Search code examples
ccastingintegercharc-strings

Does casting from Char to Int always give positive values in C


I was writing production-ready C where I need to find the frequency of characters in a char array pretty fast. I was trying remove an assert call to check for positive values during a cast. Is my assert redundant code or is it necessary?

    char input[] = "Hello World";
    int inputLength = sizeof(input)/ sizeof(char);
    int *frequencies = calloc(256, sizeof(int));
    for(int i = 0; i < inputLength-1; i++)
    {
        int value = (int) input[i];
        assert(value > -1);//Is this line redundant?
        frequencies[value] += 1;
    }
    printf("(%d)", inputLength);
    PrintFrequencies(frequencies);
    free(frequencies);

Solution

  • Does casting from Char to Int always give positive values in C

    Generally speaking, no. char may be either a signed or an unsigned type, at the C implementation's discretion, but pretty frequently it is a signed type.

    All char values representing members of the basic execution character set are guaranteed to be non-negative. This includes the upper- and lowercase Latin letters, the decimal digits, a variety of punctuation, the space character and a few control characters. The char values representing other characters may be negative, however. Also, the multiple char values constituting the representation of a multi-byte character can include some that, considered as individual chars, are negative.

    I was writing production-ready C where I need to find the frequency of characters in a char array pretty fast. I was trying remove an assert call to check for positive values during a cast. Is my assert redundant code or is it necessary?

    Your assert() is semantically wrong. If you're reading arbitrary text and you want your program to be robust, then you do need to be prepared for chars with negative values. But

    1. assertions are the wrong tool for this job. Assertions are for checking that the invariants your program assumes in fact hold. You might use an assertion if you (thought you) had a guarantee that char values were always non-negative, for example. If an assertion ever fails, it means your code is wrong.

      You must never use an assertion to validate input data or perform any other test that your program relies upon being performed, because depending on how you compile the program, the asserted expression might not be evaluated at all.

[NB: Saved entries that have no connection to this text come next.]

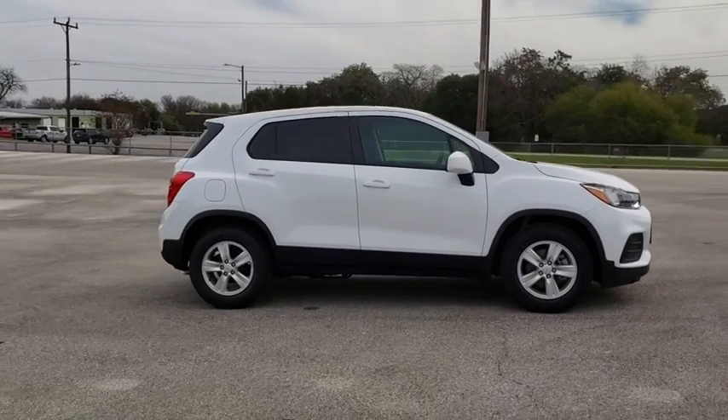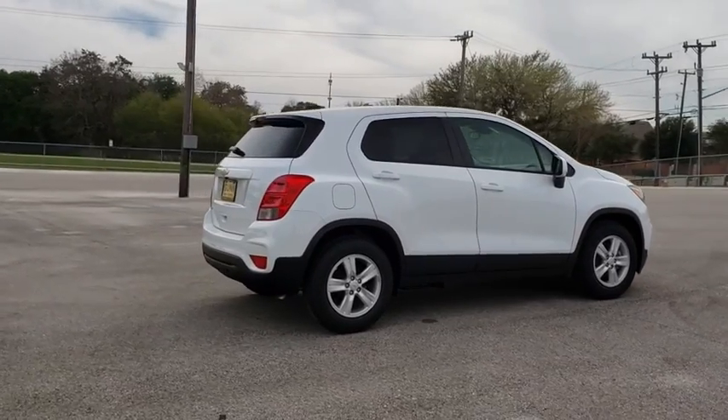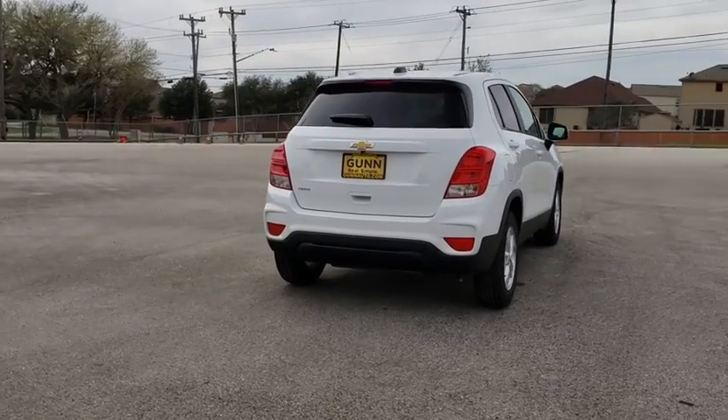Come test drive the 2020 Chevrolet Trax. The Trax is tiny on the outside, but remarkably spacious within. It comes with a clean and modern interior.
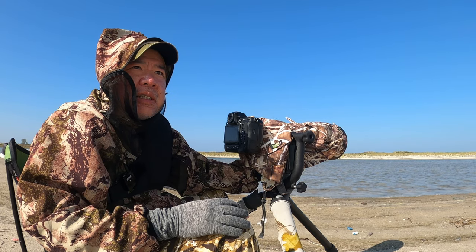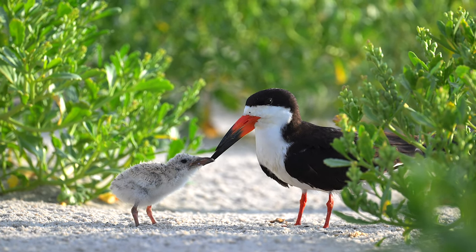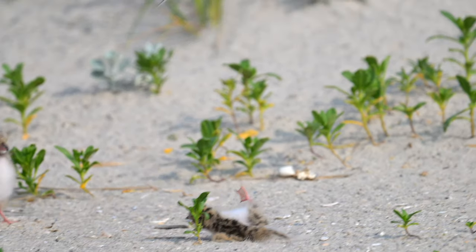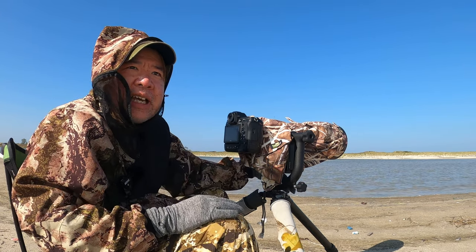I spent the whole summer on the beach with skimmers and terns because they were having their babies here. But now it's towards the end of the season and the last batch of skimmers are still here — some juveniles — and they're skimming along the water and I'm trying to get that.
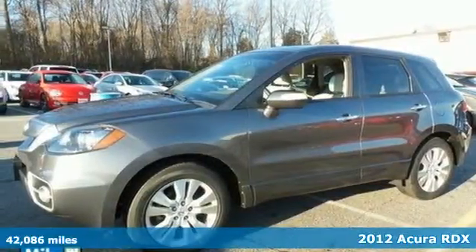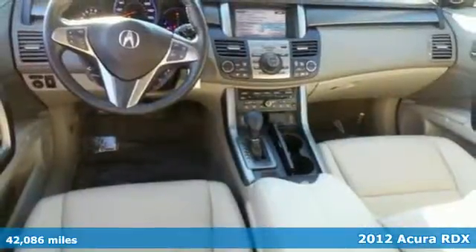Here's a 2012 Acura RDX. Relax and feel safe in this luxury crossover.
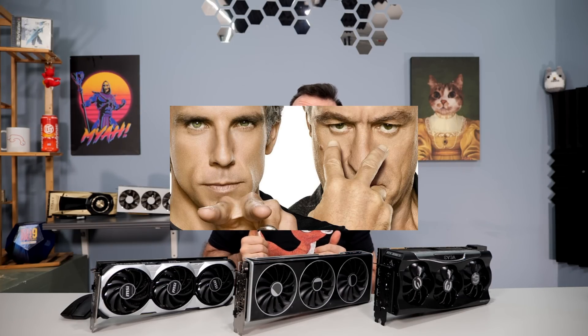The consumer dictates the price. This thing launched at $899 and nobody bought it. But AMD's been slashing those prices, so now it's worth a second look.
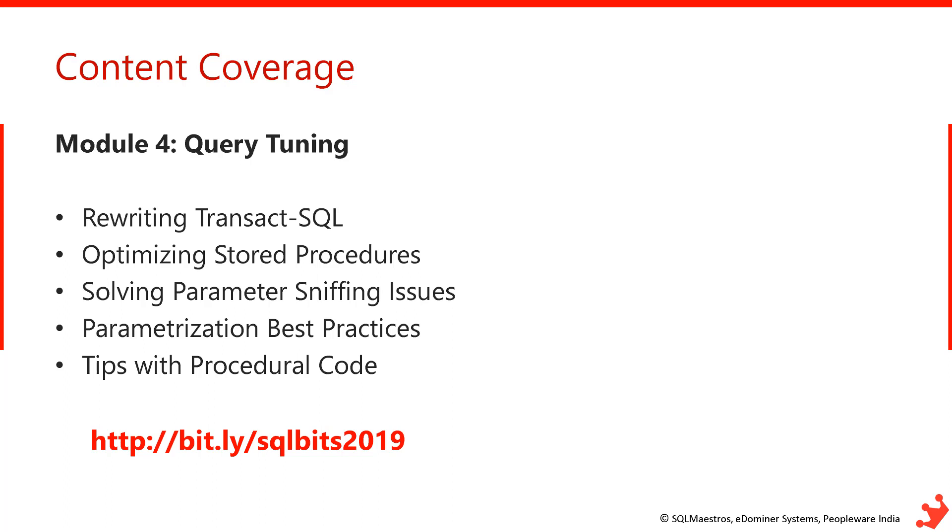Module 4 heavily focuses on query tuning. I'll show you how to rewrite T-SQL queries, how to optimize stored procedures, how to solve parameter sniffing issues, and I'll take a bunch of transactional and procedural code, identify performance issues, and go ahead and fix them.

    2. It would be better for your program to handle negative char values if they are encountered than to fail. In this regard, do note that there's no particular use in converting your char explicitly to int. You can use a char directly anywhere where you want an integer. On the other hand, it might make sense to cast to unsigned char, as that will be cheap -- possibly free, even if char is signed -- and it will take care of your signedness problem.